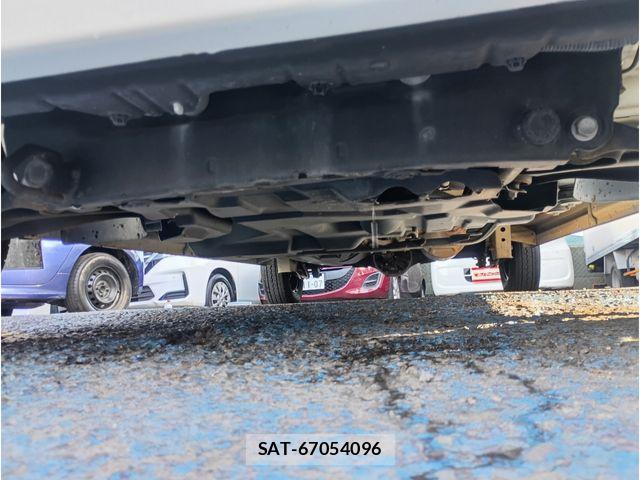 Nissan CLIPPER 2023-02 7223143-19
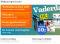 bol.com bomvol winkels, bomvol voordeel Welkom-145252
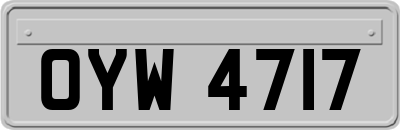 OYW4717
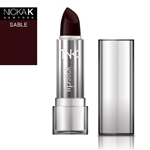 Sable Cream Lipstick by NKNY
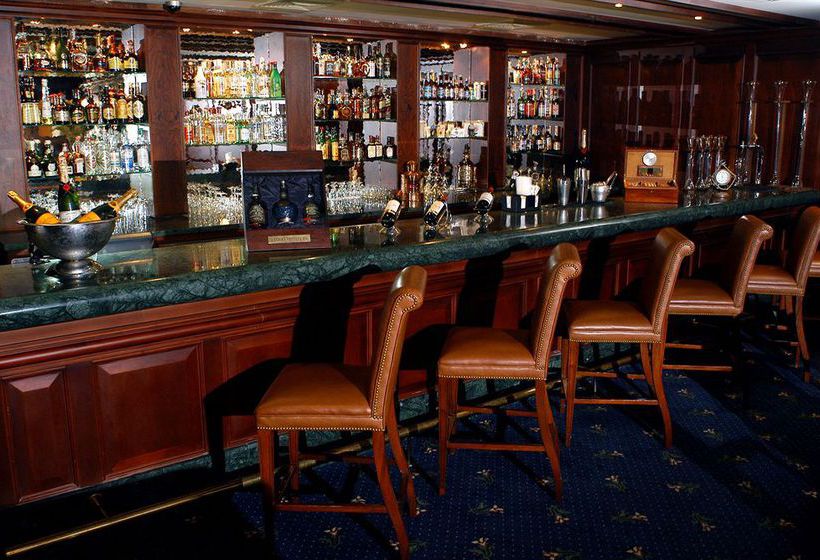 Hotel Oro Verde Guayaquil | Guayaquil | Guayas | Ecuador 9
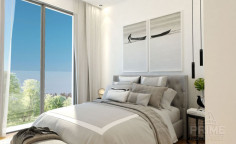 Large 3 bedroom villa with swimming pool for sale in Kapparis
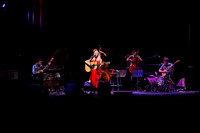 Laura Marling in concert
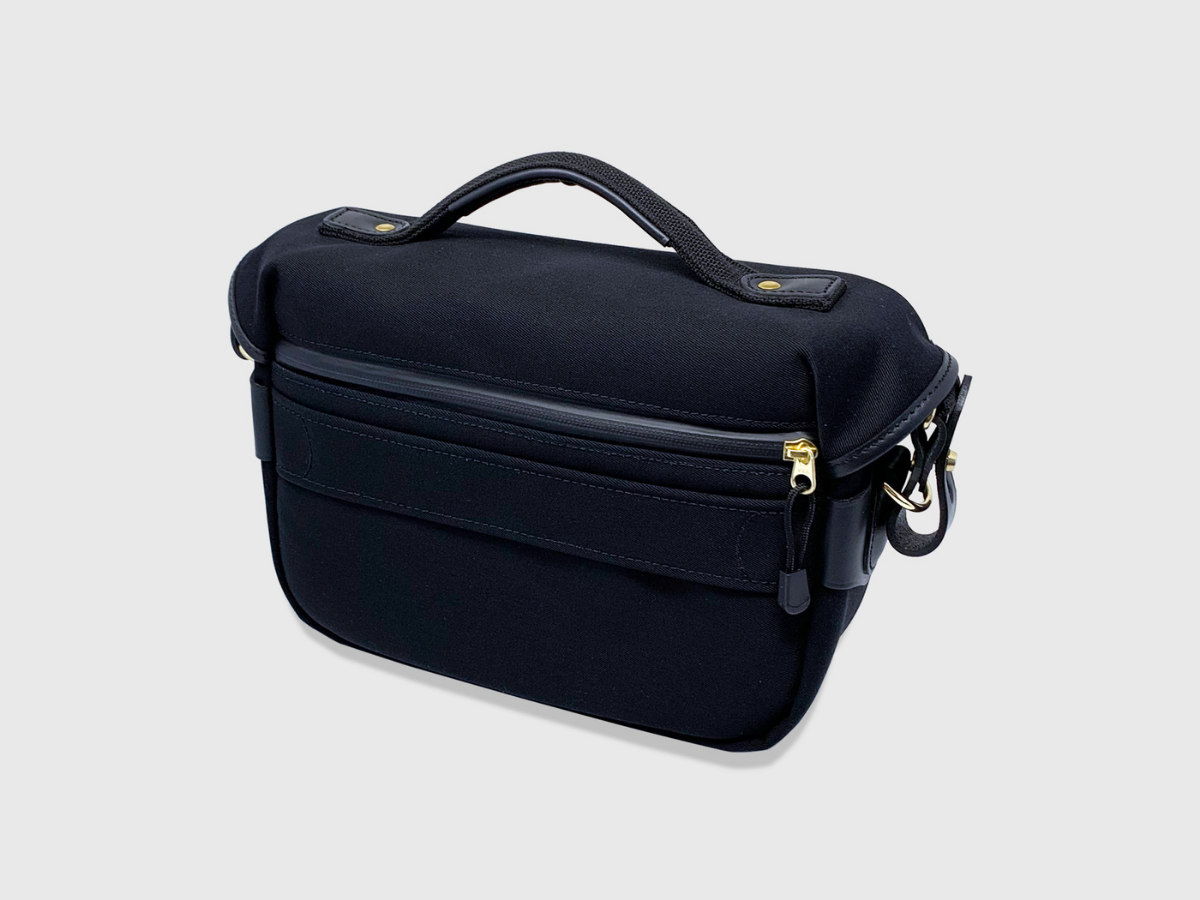 billingham-greg-williams-x-hadley-pro-2020-kamera-tasche-special-edition image 8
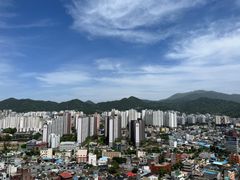 ✔️동구(동명동•충장로) 12번째 이미지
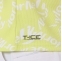 ★unisize対応★★マークダウン★【土日祝発送可】テーラーメイド Ｔ－ＩＣＥ ＴＭグラフィックＳ/Ｓポロ TL432 半袖シャツ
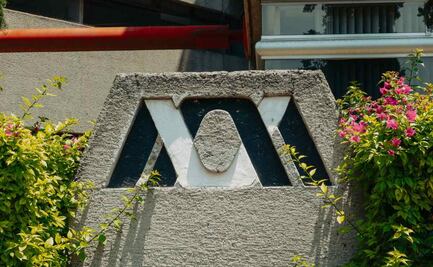 Piden académicos de la UAM frenar ataques entre candidatos a la rectoría; son descalificaciones sin fundamento, señalan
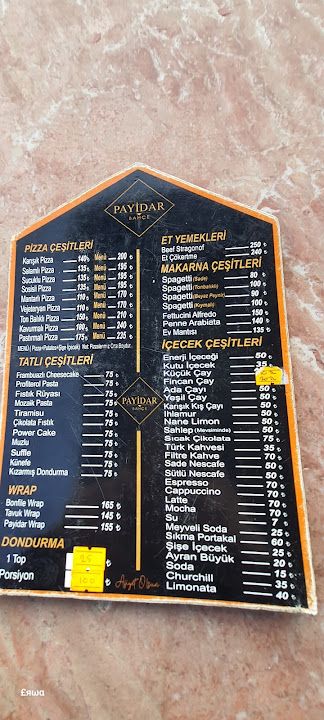 Fotoğraf 38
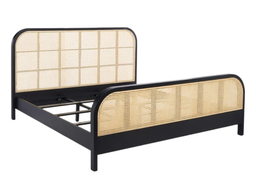 Viena Bed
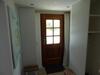Apartamento Erholungsraum Karsee - Ferienwohnung
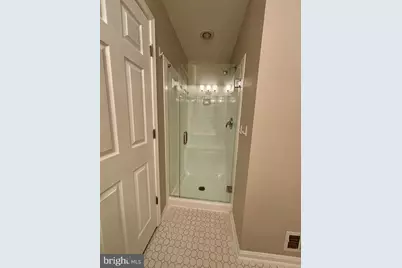 46336 Haven Terrace, Sterling, VA 20165 - Photo 18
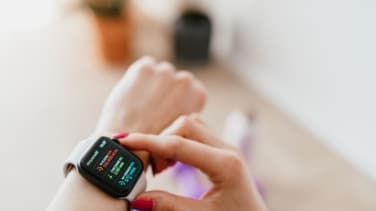 Los mejores smartwatches en relación calidad-precio del 2025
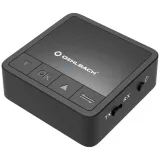 nadajnik-odbiornik-bluetooth-oehlbach-d1c6054-stan-powystawowy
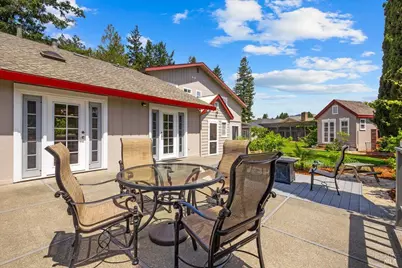 1212 Brush Creek Road, Santa Rosa, CA 95404 - Photo 7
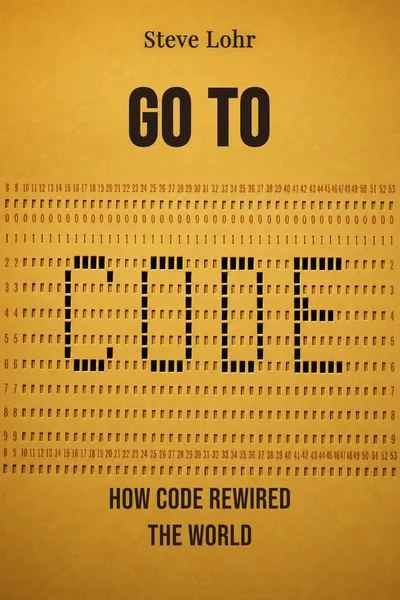 Go To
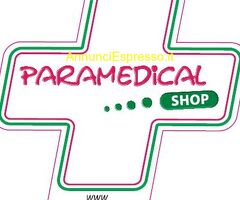 Pantaloni Apribili: La Soluzione per Vestizione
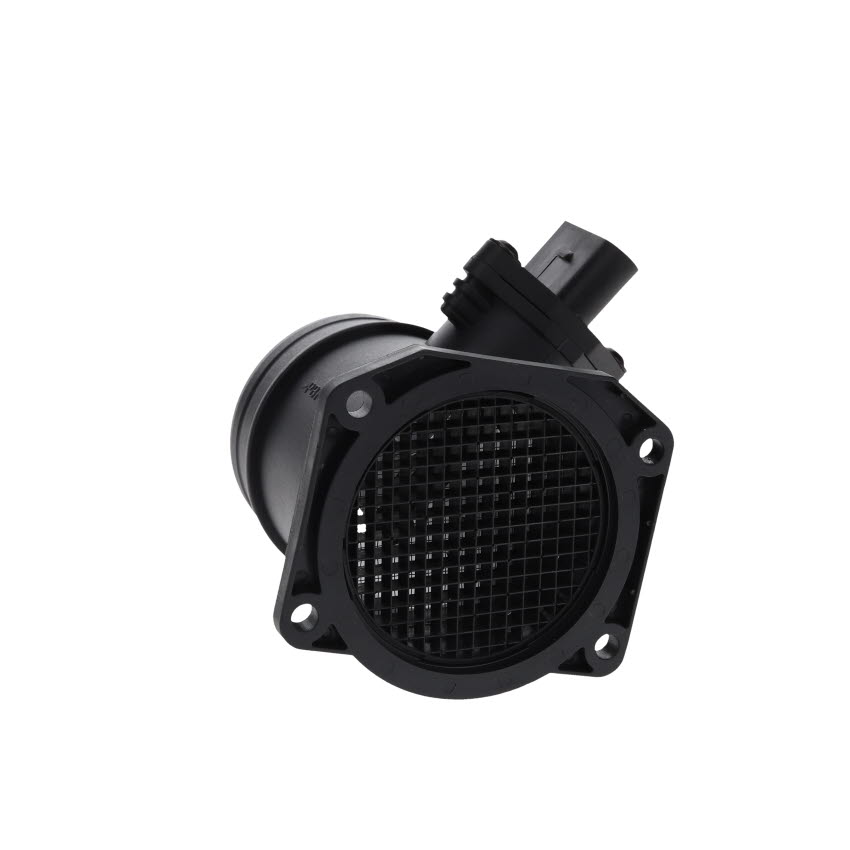 Débitmètre de masse d'air Triscan A/S 8812 29300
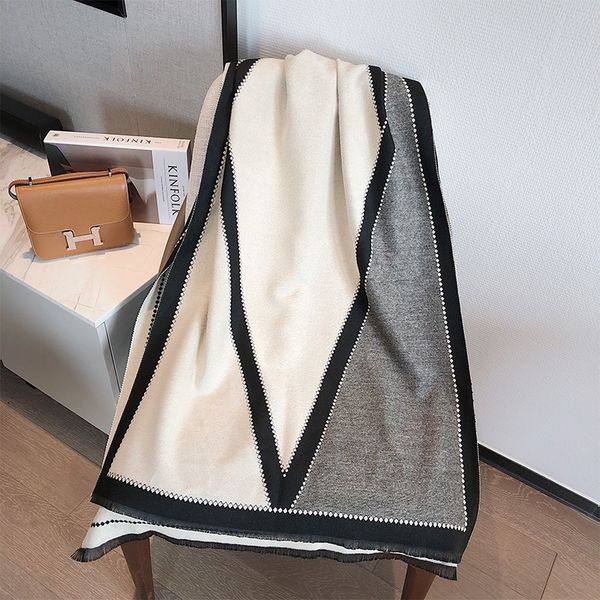 u7og 2020 fashion new scarf 85*5cm geometric stripe narrow wrap tie lady handle ribbon bag small scarf for women, Black;white
u7og 2020 fashion new scarf 85*5cm geometric stripe narrow wrap tie lady handle ribbon bag small scarf for women, Black;white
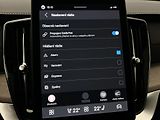 Volvo XC90 T8 AWD RECH. ULTRA DARK 7 MÍST - náhled 32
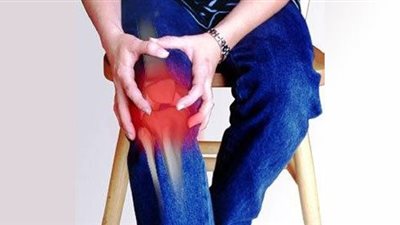 اذا كنت تعاني من إلتهاب المفاصل.. جرب هذا العلاج السحري !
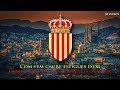 Hymne de la Catalogne (CA/FR paroles) - Anthem of Catalonia (French)
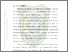 [thumbnail of BAB III.pdf]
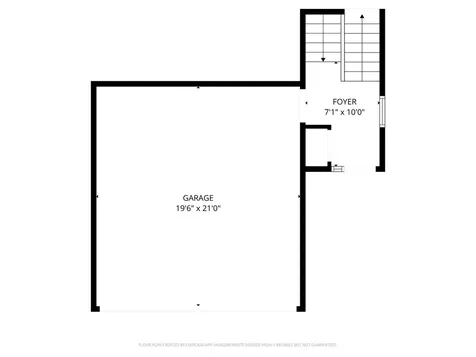 2742 Divide Street W West Fargo ND 58078
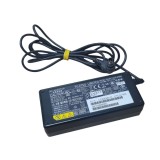 Incarcator laptop OEM Fujitsu FPCAC45B CP268386-01 60W 16V 3.75A mufa 6.5 x 4.4 mm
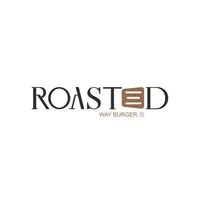 Roasted Way Burger | روستد واي icon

PROBLEM: Write out each line again, exactly as it appears above, except for any picture.

EXERCISE SOLUTION:
 Nissan CLIPPER 2023-02 7223143-19
 bol.com bomvol winkels, bomvol voordeel Welkom-145252
 OYW4717
 Sable Cream Lipstick by NKNY
 Hotel Oro Verde Guayaquil | Guayaquil | Guayas | Ecuador 9
 Large 3 bedroom villa with swimming pool for sale in Kapparis
 Laura Marling in concert
 billingham-greg-williams-x-hadley-pro-2020-kamera-tasche-special-edition image 8
 ✔️동구(동명동•충장로) 12번째 이미지
 ★unisize対応★★マークダウン★【土日祝発送可】テーラーメイド Ｔ－ＩＣＥ ＴＭグラフィックＳ/Ｓポロ TL432 半袖シャツ
 Piden académicos de la UAM frenar ataques entre candidatos a la rectoría; son descalificaciones sin fundamento, señalan
 Fotoğraf 38
 Viena Bed
Apartamento Erholungsraum Karsee - Ferienwohnung
 46336 Haven Terrace, Sterling, VA 20165 - Photo 18
 Los mejores smartwatches en relación calidad-precio del 2025
 nadajnik-odbiornik-bluetooth-oehlbach-d1c6054-stan-powystawowy
 1212 Brush Creek Road, Santa Rosa, CA 95404 - Photo 7
 Go To
 Pantaloni Apribili: La Soluzione per Vestizione
 Débitmètre de masse d'air Triscan A/S 8812 29300
 u7og 2020 fashion new scarf 85*5cm geometric stripe narrow wrap tie lady handle ribbon bag small scarf for women, Black;white
u7og 2020 fashion new scarf 85*5cm geometric stripe narrow wrap tie lady handle ribbon bag small scarf for women, Black;white
 Volvo XC90 T8 AWD RECH. ULTRA DARK 7 MÍST - náhled 32
 اذا كنت تعاني من إلتهاب المفاصل.. جرب هذا العلاج السحري !
 Hymne de la Catalogne (CA/FR paroles) - Anthem of Catalonia (French)
 [thumbnail of BAB III.pdf]
 2742 Divide Street W West Fargo ND 58078
 Incarcator laptop OEM Fujitsu FPCAC45B CP268386-01 60W 16V 3.75A mufa 6.5 x 4.4 mm
 Roasted Way Burger | روستد واي icon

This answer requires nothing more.